| What is required |
Starting from the line with "Za młody za stary", please copy exactly every line to the end of the listing, but not the pictures.

____________

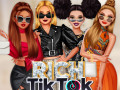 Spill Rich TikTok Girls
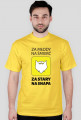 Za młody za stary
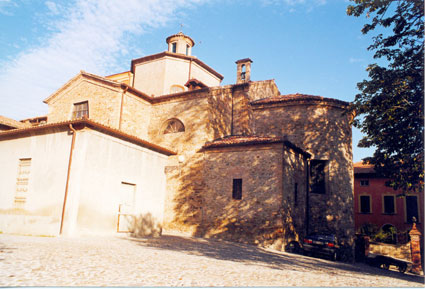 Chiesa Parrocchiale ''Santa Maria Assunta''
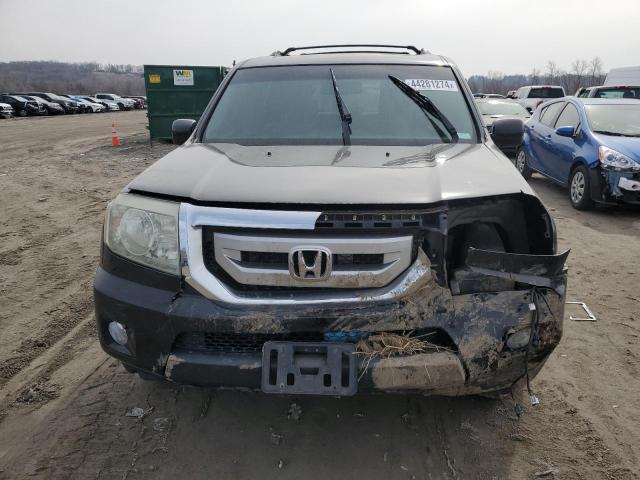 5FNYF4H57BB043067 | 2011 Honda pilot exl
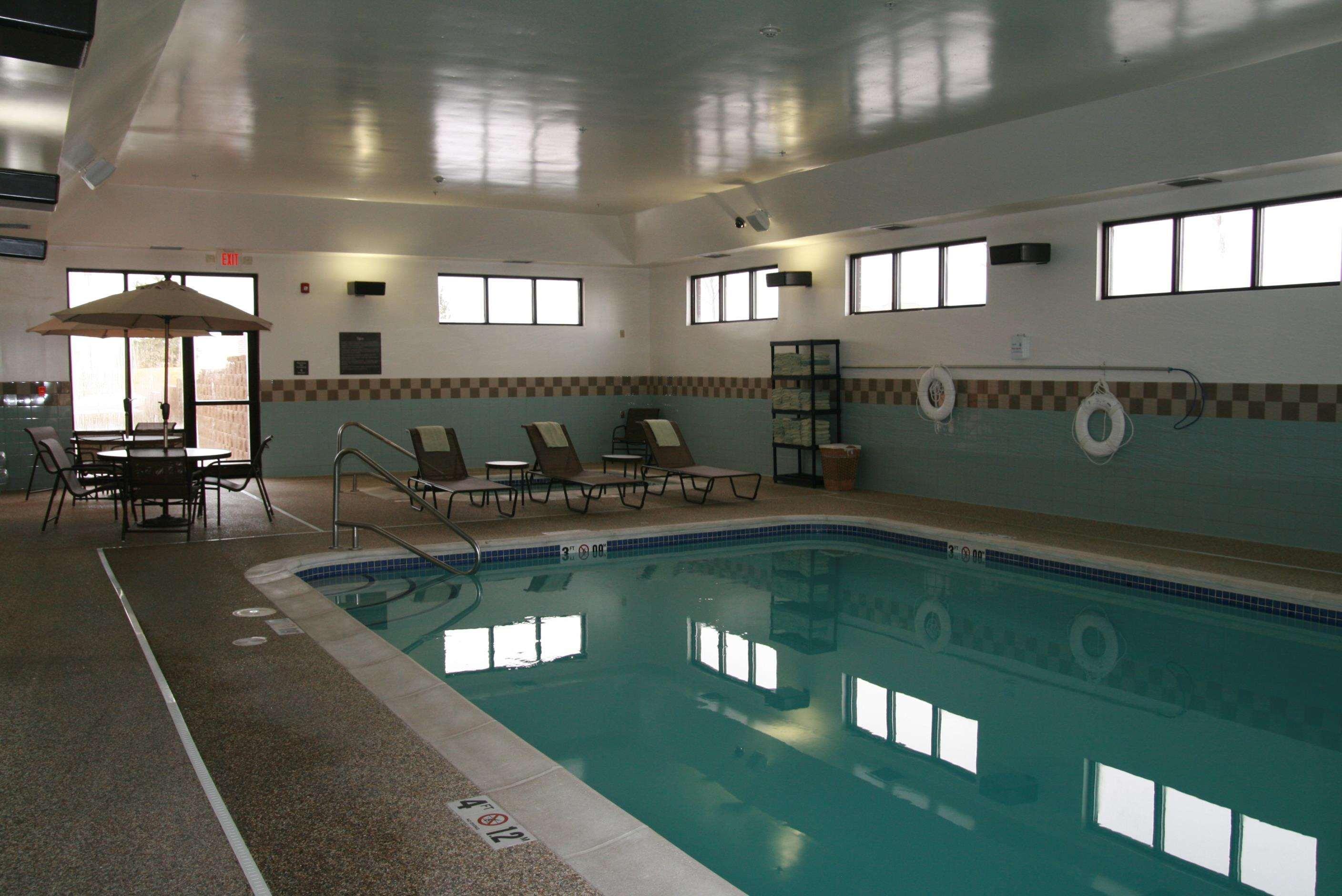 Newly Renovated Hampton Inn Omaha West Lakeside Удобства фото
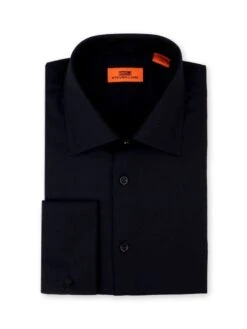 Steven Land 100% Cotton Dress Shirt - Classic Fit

____________

| Final answer |
 Za młody za stary
 Chiesa Parrocchiale ''Santa Maria Assunta''
 5FNYF4H57BB043067 | 2011 Honda pilot exl
 Newly Renovated Hampton Inn Omaha West Lakeside Удобства фото
 Steven Land 100% Cotton Dress Shirt - Classic Fit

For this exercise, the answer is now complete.